# WORK REQUEST
Beginning at the top of the entries below, retype each line exactly until the line containing "station. Isesaki Tobu" has been written out; include no pictures and no later lines.

# THE RECORDS

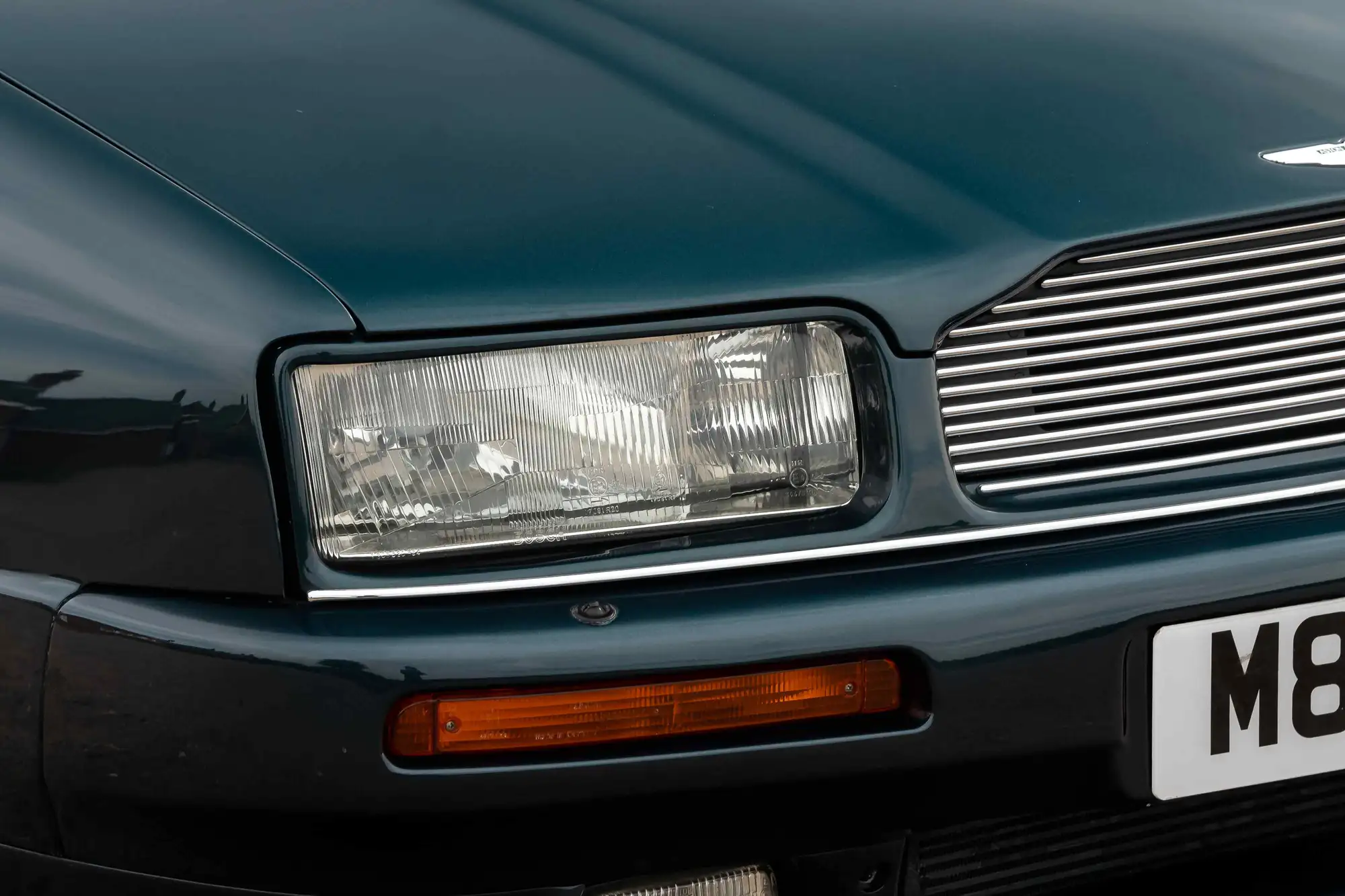 1995 Aston Martin Virage Volante 5.3-Litre 'Cosmetic Wide-Bo-Sold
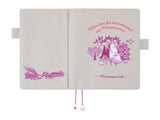 Hobonichi Techo A5 Cousin Cover - Moomin: My Yard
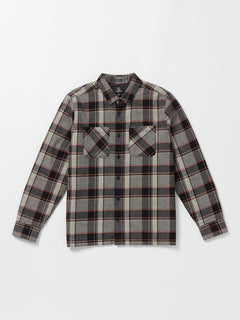 Brickstone Lined Flannel Long Sleeve Shirt - Dirty White (A0532300_DWH) [F]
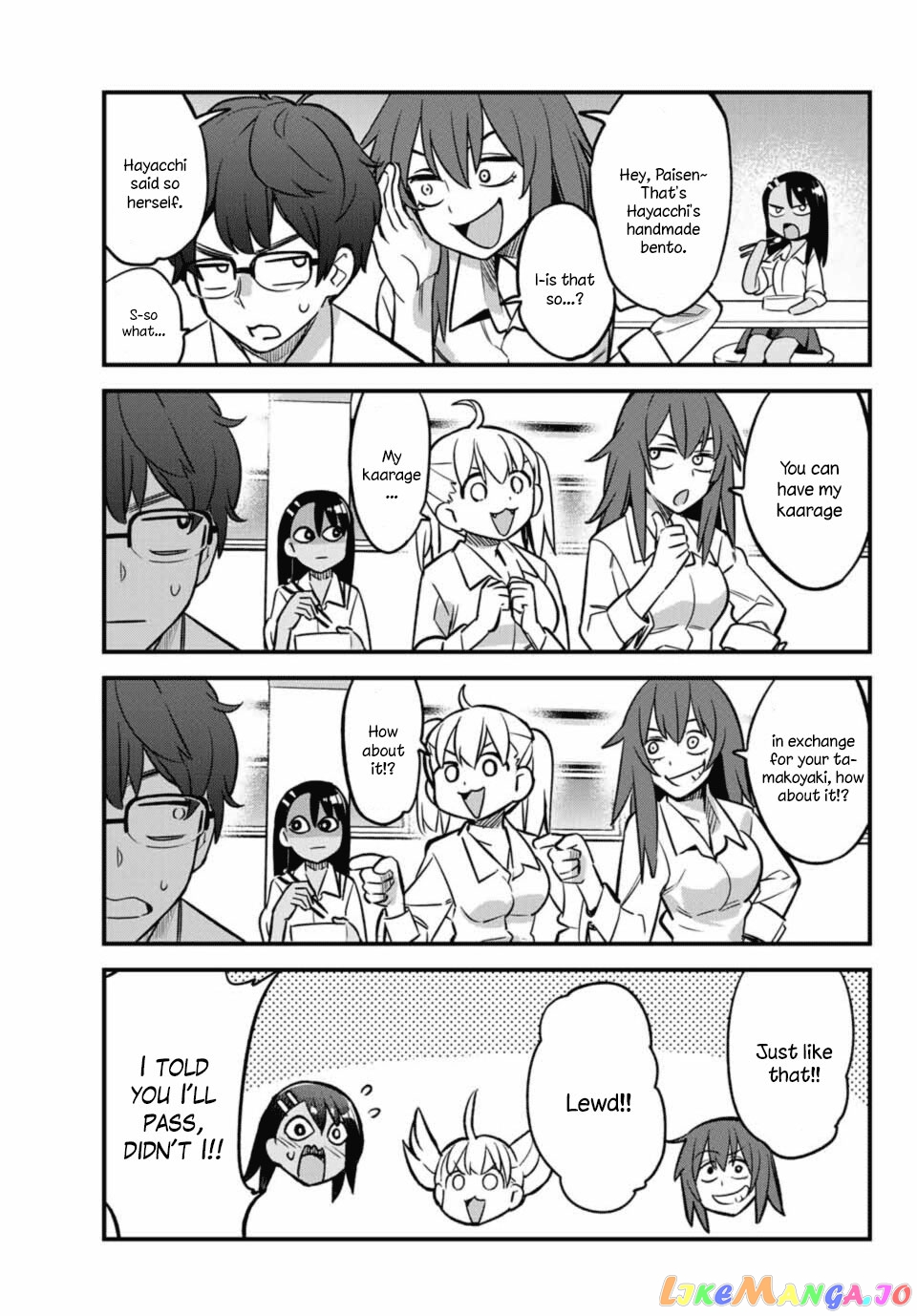 Please Don’t Bully Me, Nagatoro chapter 33 - page 10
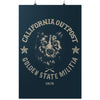 CA Outpost Navy Poster-CA LIMITED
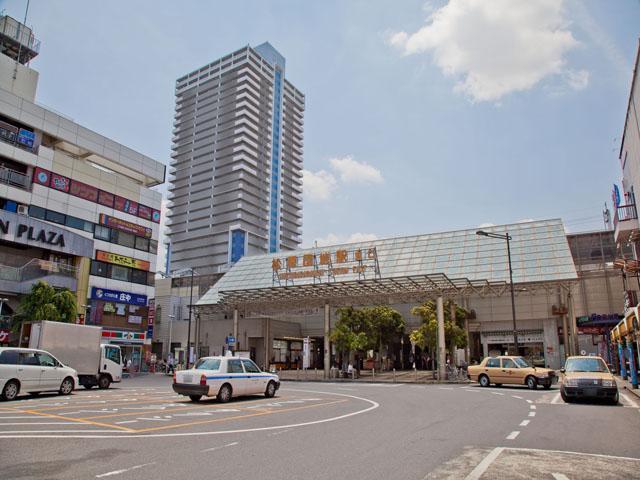 station. Isesaki Tobu "Matsubaradanchi" station Distance 1040m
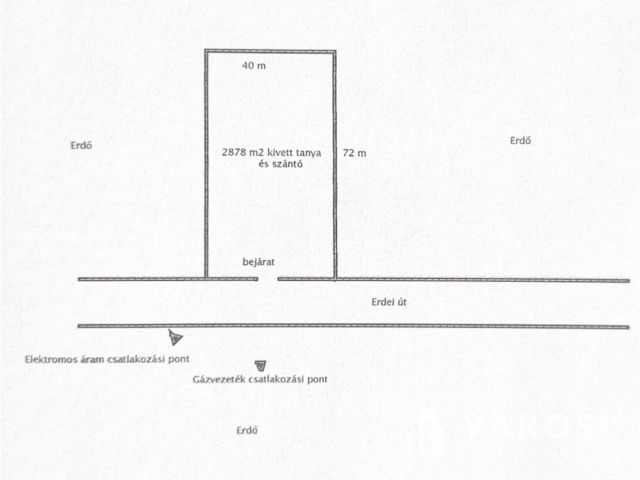 Budapesttől 16 km-re erdei környezetben tanya eladó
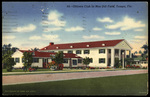 Officers Club at Mac Dill Field, Tampa, Florida by Hampton Dunn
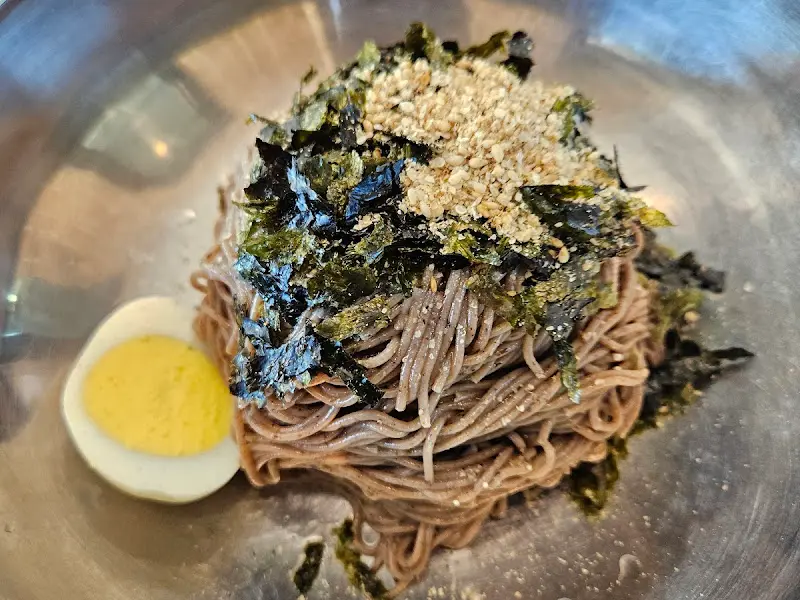 교암막국수 막국수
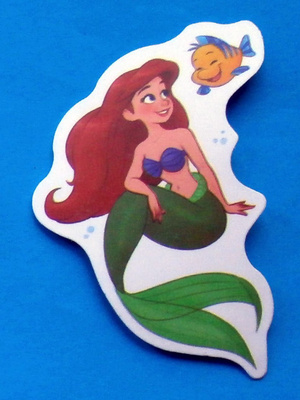 Merenneito Ariel ja Pärsky tarra 3.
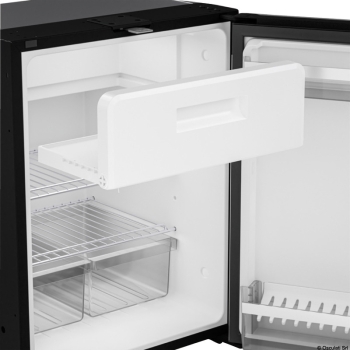 Frigo NRX0035C 35L argento scuro 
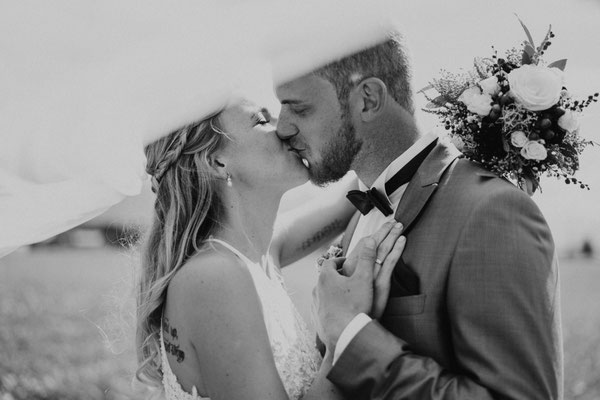Brautpaarshooting - Heiraten im Allgäu - Paarshooting - Allgäuwedding - Freie Trauung Allgäu - Elopement Allgäu - Berghochzeit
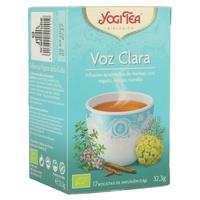 Infusión VOZ CLARA YOGI TEA | F- 265014 | MUNDO ECOLÓGICO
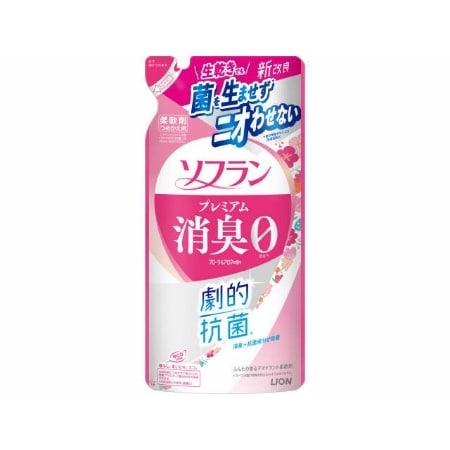 ソフランプレミアム消臭フローラルアロマの香り替　380ML×20点セット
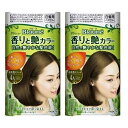 【2セット】 ブローネ 香りと艶カラークリーム 4A アッシュブラウン 白髪染め カラーリング ヘアカラー 部分染め 根元 クリームタイプ 生え際 分け目 アッシュ ブラウン 茶色 女性 ロイヤルゼリーエキス 海藻エキス ツンとしない KAO 花王 医薬部外品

# ANSWER AREA
 1995 Aston Martin Virage Volante 5.3-Litre 'Cosmetic Wide-Bo-Sold
 Hobonichi Techo A5 Cousin Cover - Moomin: My Yard
 Brickstone Lined Flannel Long Sleeve Shirt - Dirty White (A0532300_DWH) [F]
 Please Don’t Bully Me, Nagatoro chapter 33 - page 10
 CA Outpost Navy Poster-CA LIMITED
 station. Isesaki Tobu "Matsubaradanchi" station Distance 1040m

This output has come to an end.